И в избавлении от Наполеона видели в 1813-1814 гг. свое спасение не одни только обломки дворянско-феодального класса. Буржуазия покоренных Наполеоном стран жаждала теперь сбросить путы, которые наложил на нее Наполеон и которые мешали ей развернуться. Буржуазия завоеванных Наполеоном земель очень хорошо понимала и больно чувствовала, как Наполеон планомерно и беспощадно эксплуатирует эти земли в интересах исключительно французской буржуазии. Правда, когда национально-освободительное восстание против Наполеона окончилось низвержением наложенного им ига, то воспользовалась этой победой непосредственно не буржуазия, а та же феодально-абсолютистская реакция, но это уже произошло от относительной слабости и политической неорганизованности буржуазного класса тогдашней Европы.

Таким образом, в 1813, 1814, 1815 гг. против Наполеона боролся также и тот класс европейского общества, который некогда восторгался «гражданином первым консулом», якобы носителем революционных освободительных идей, каким его считали многие еще в промежуток времени между 18 брюмера и провозглашением империи.

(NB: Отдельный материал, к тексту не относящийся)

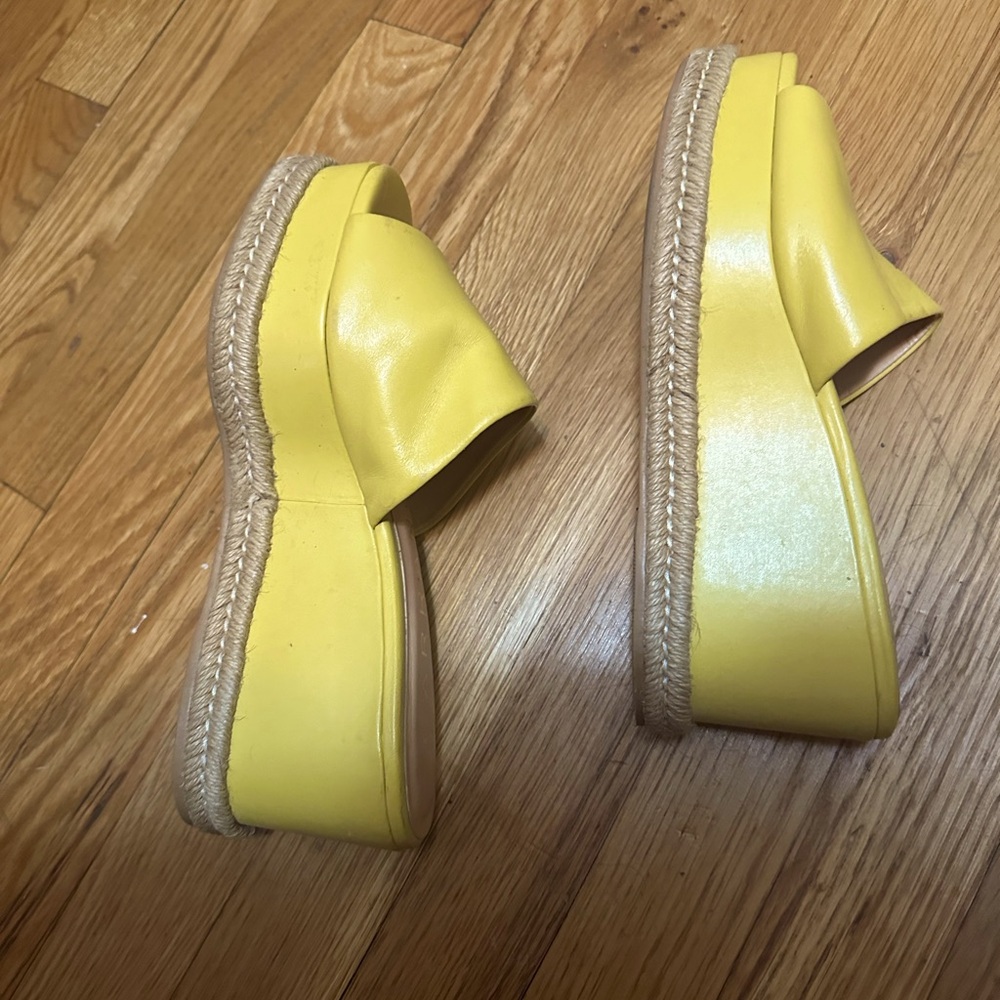 Carrano Leather Wedges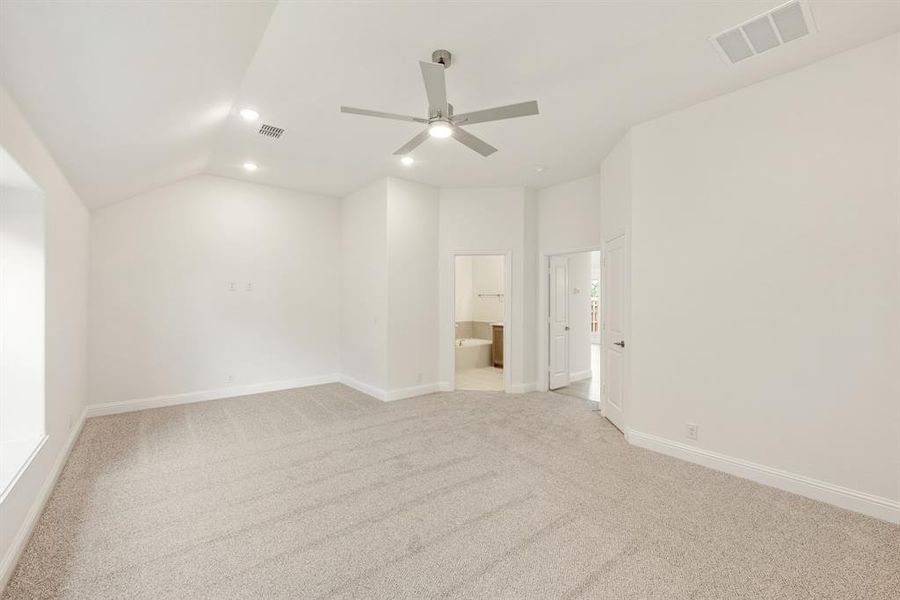 Spacious, unfurnished interior of a new home in Country Lakes, Denton (Image 20). Spacious, unfurnished interior of a new home in Country Lakes, Denton (Image 20).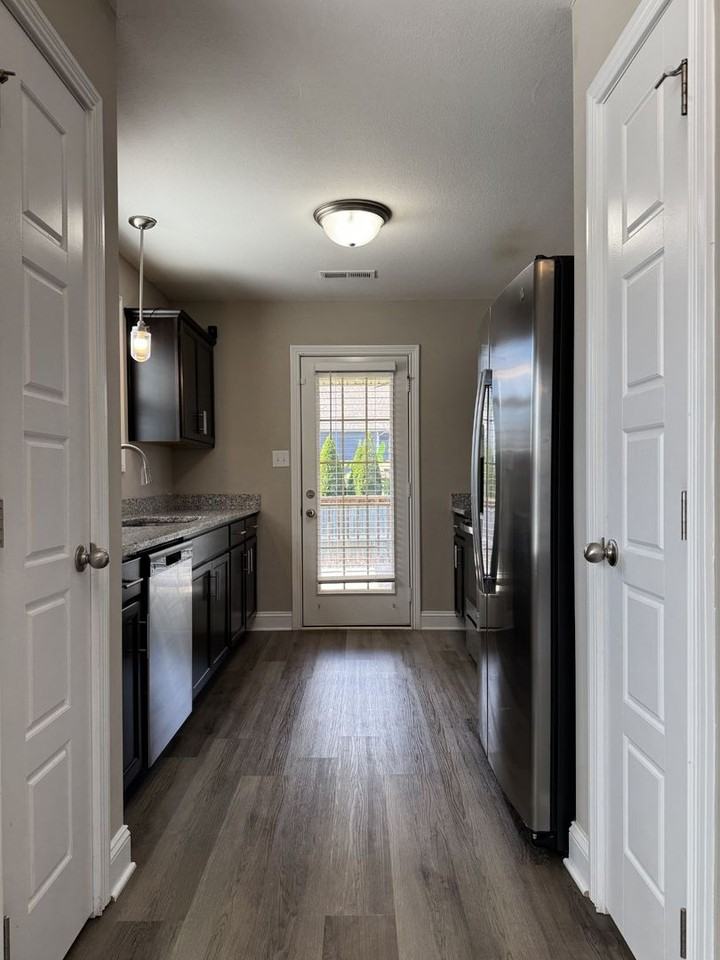 425 Irish Hills Dr - Photo 4 of 15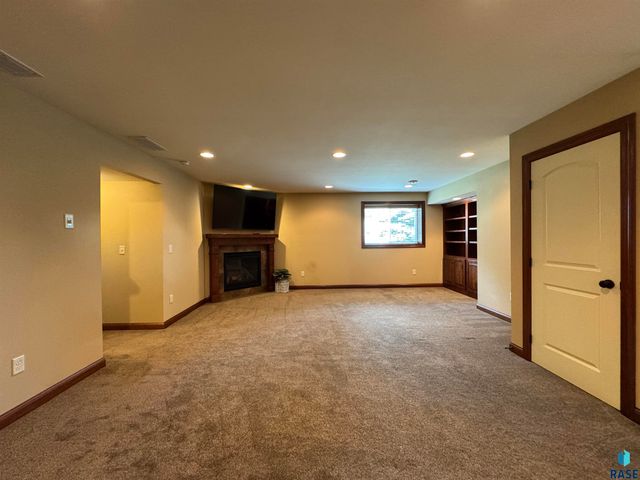 1130 Indian Hills Rd Road, Brookings, SD 57006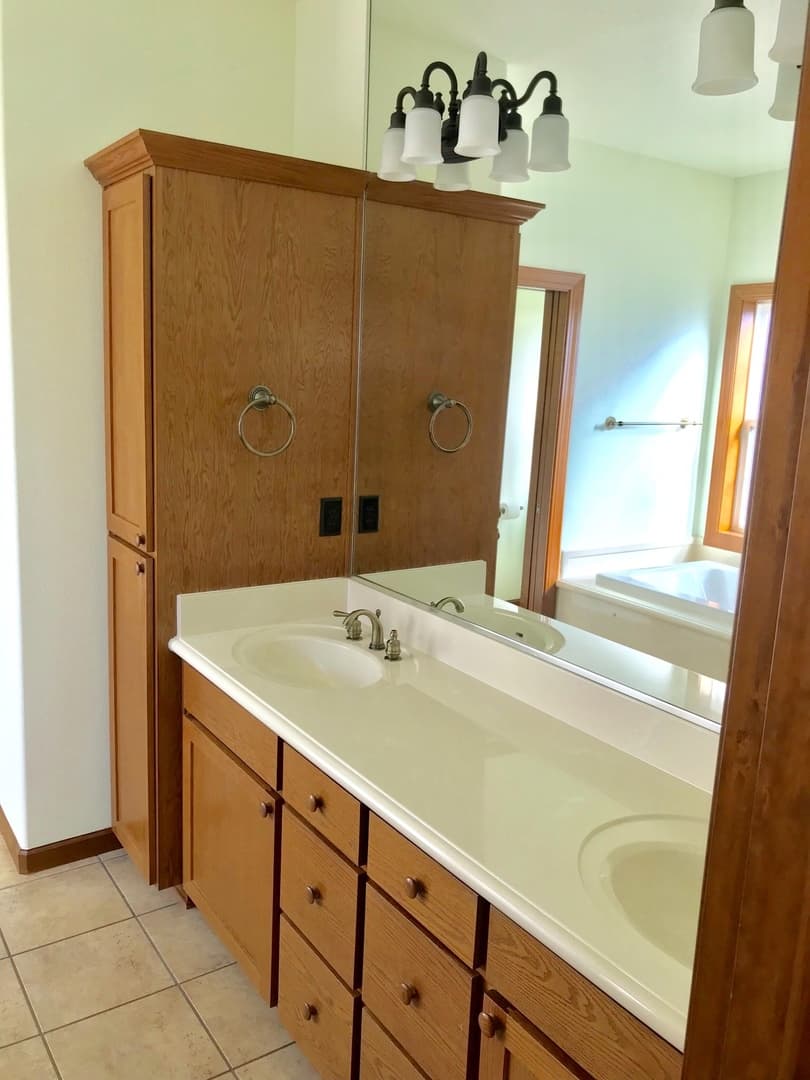 Medford House: 3907 Fieldbrook Ave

Его экономическая политика в покоренных странах и не могла иметь другого конечного результата. Этого он до конца и не хотел понять и органически не мог понять. Бронзовый император в лавровом венце, со скипетром в одной руке и державой в другой, стоящий в центре Парижа на вершине своей колоссальной Вандомской колонны, отлитой из взятых им пушек, как бы напоминает, до какой степени он упорно при жизни цеплялся за безумную мысль держать в своей руке Европу, а если можно, то и Азию, и держать так же крепко, как на памятнике он сжимает символический шар державы, эту геральдическую эмблему всемирной монархии. Но мировая империя рухнула, длительное существование было суждено лишь тем делам Наполеона, которые обусловлены и подготовлены были еще до его воцарения детерминирующими, глубокими социально-экономическими причинами. А в памяти человечества навсегда остался образ, который в психологии одних перекликался с образами Аттилы, Тамерлана и Чингисхана, в душе других - с тенями Александра Македонского и Юлия Цезаря, но который по мере роста исторических исследований все более и более выясняется в его неповторяемом своеобразии и поразительной индивидуальной сложности.